*WHAT THE EXERCISE ASKS*.
Would you please return the lines of the entries below starting at the line that has "Sepia 438 - Sennelier Oil Stick 38ml" and ending at the line that has "中国交通建设授出1670万股限制性股票", both included, exactly as they are?

*EXERCISE DATA*.
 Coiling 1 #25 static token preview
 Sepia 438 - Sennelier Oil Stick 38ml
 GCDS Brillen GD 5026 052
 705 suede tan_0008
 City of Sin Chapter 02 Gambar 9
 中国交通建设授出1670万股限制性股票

* * *

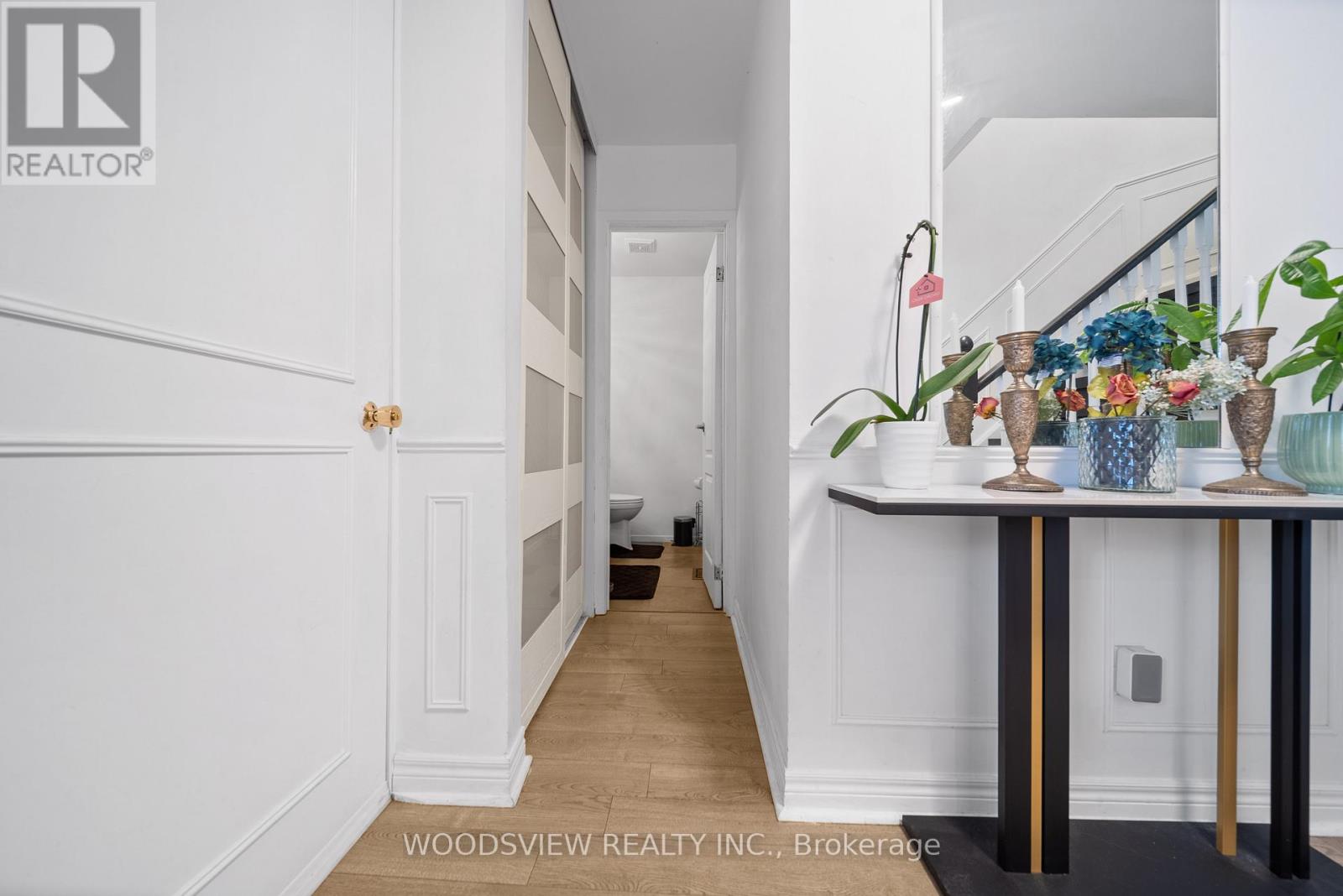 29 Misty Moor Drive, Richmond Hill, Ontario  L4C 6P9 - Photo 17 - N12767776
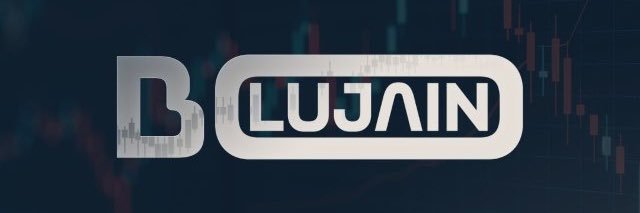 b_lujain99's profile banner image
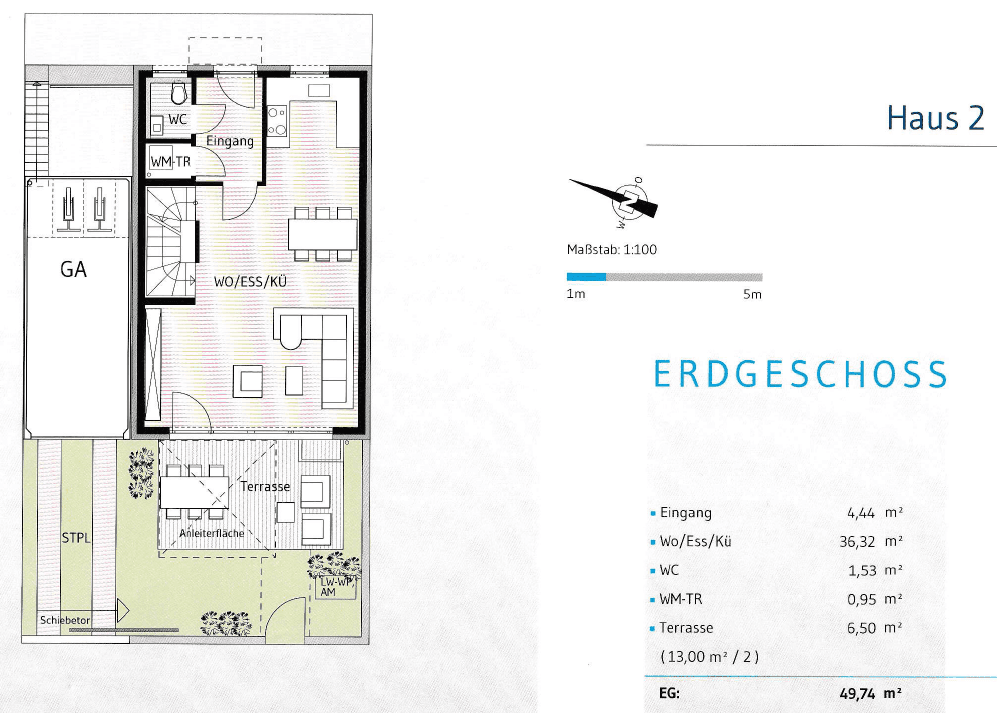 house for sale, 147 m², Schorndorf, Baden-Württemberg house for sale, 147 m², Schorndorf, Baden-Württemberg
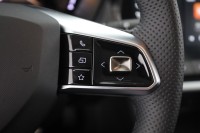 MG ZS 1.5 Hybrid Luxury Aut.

--

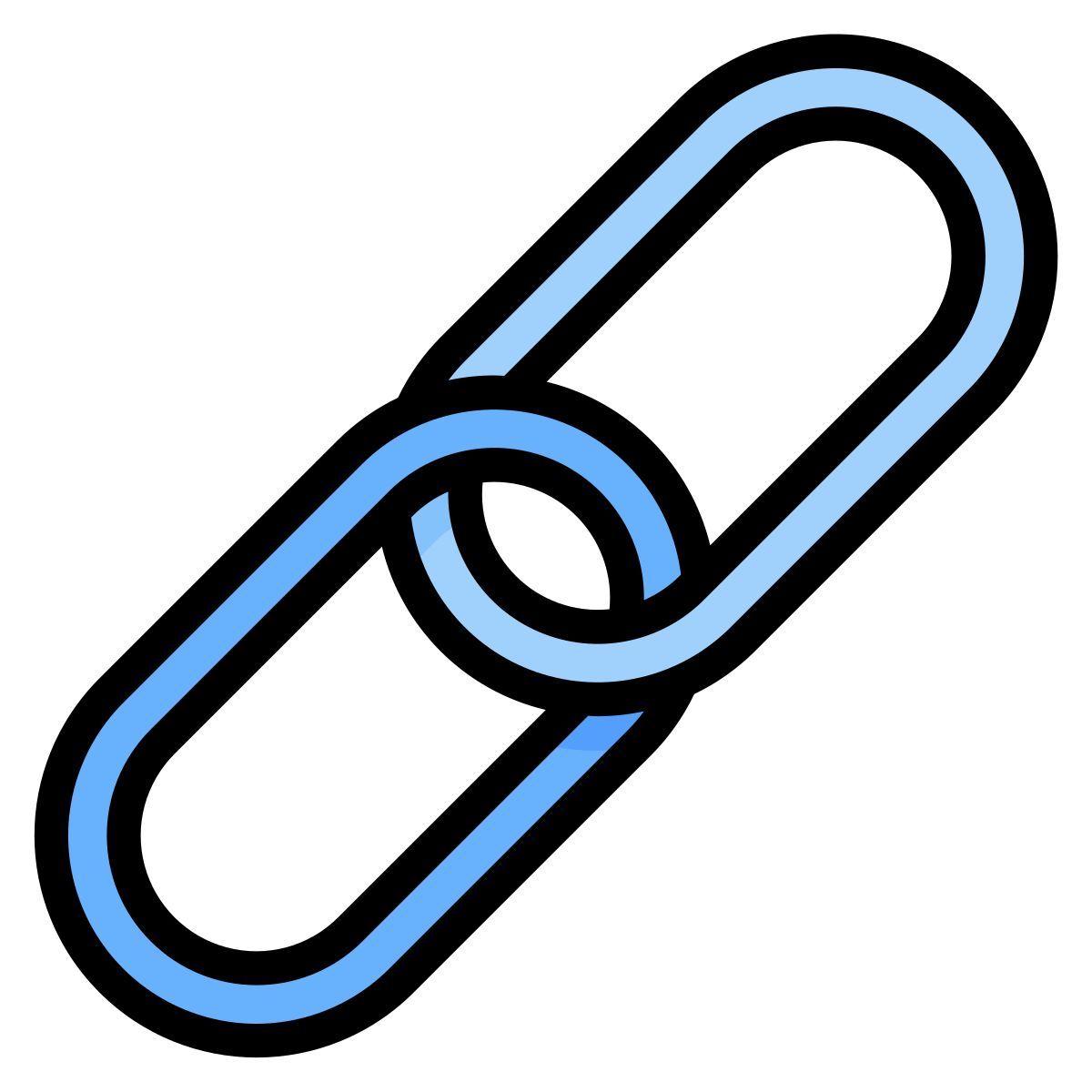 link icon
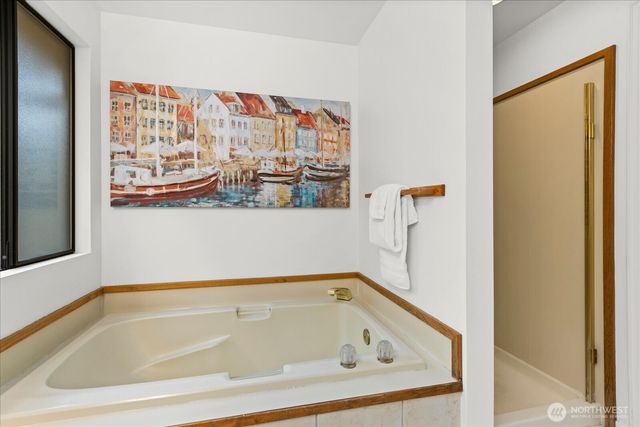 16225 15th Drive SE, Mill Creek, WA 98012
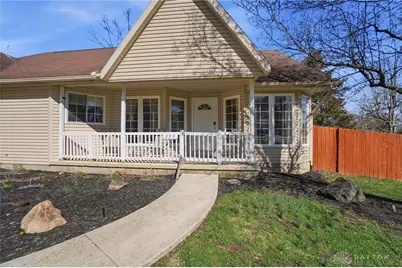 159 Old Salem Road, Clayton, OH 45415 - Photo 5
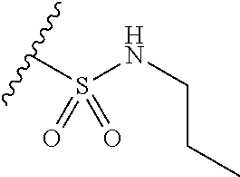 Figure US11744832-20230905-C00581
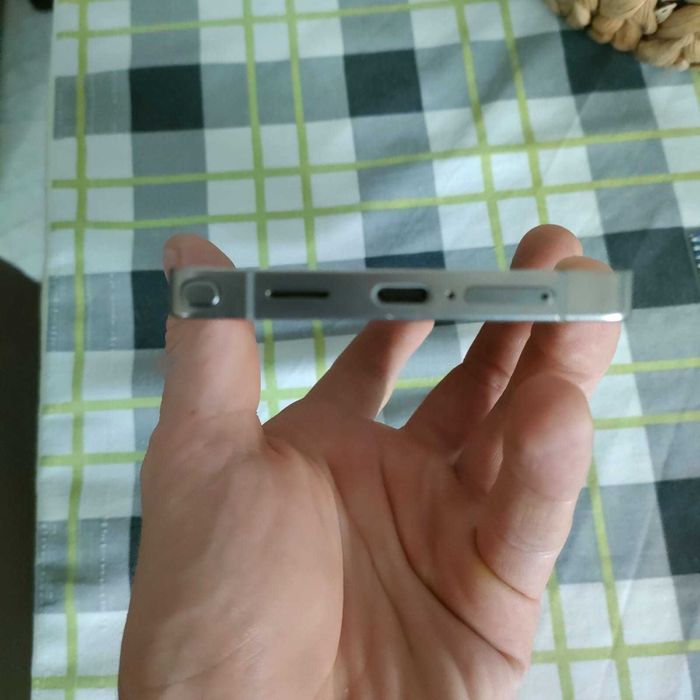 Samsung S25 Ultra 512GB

*ANSWER SECTION*.
 Sepia 438 - Sennelier Oil Stick 38ml
 GCDS Brillen GD 5026 052
 705 suede tan_0008
 City of Sin Chapter 02 Gambar 9
 中国交通建设授出1670万股限制性股票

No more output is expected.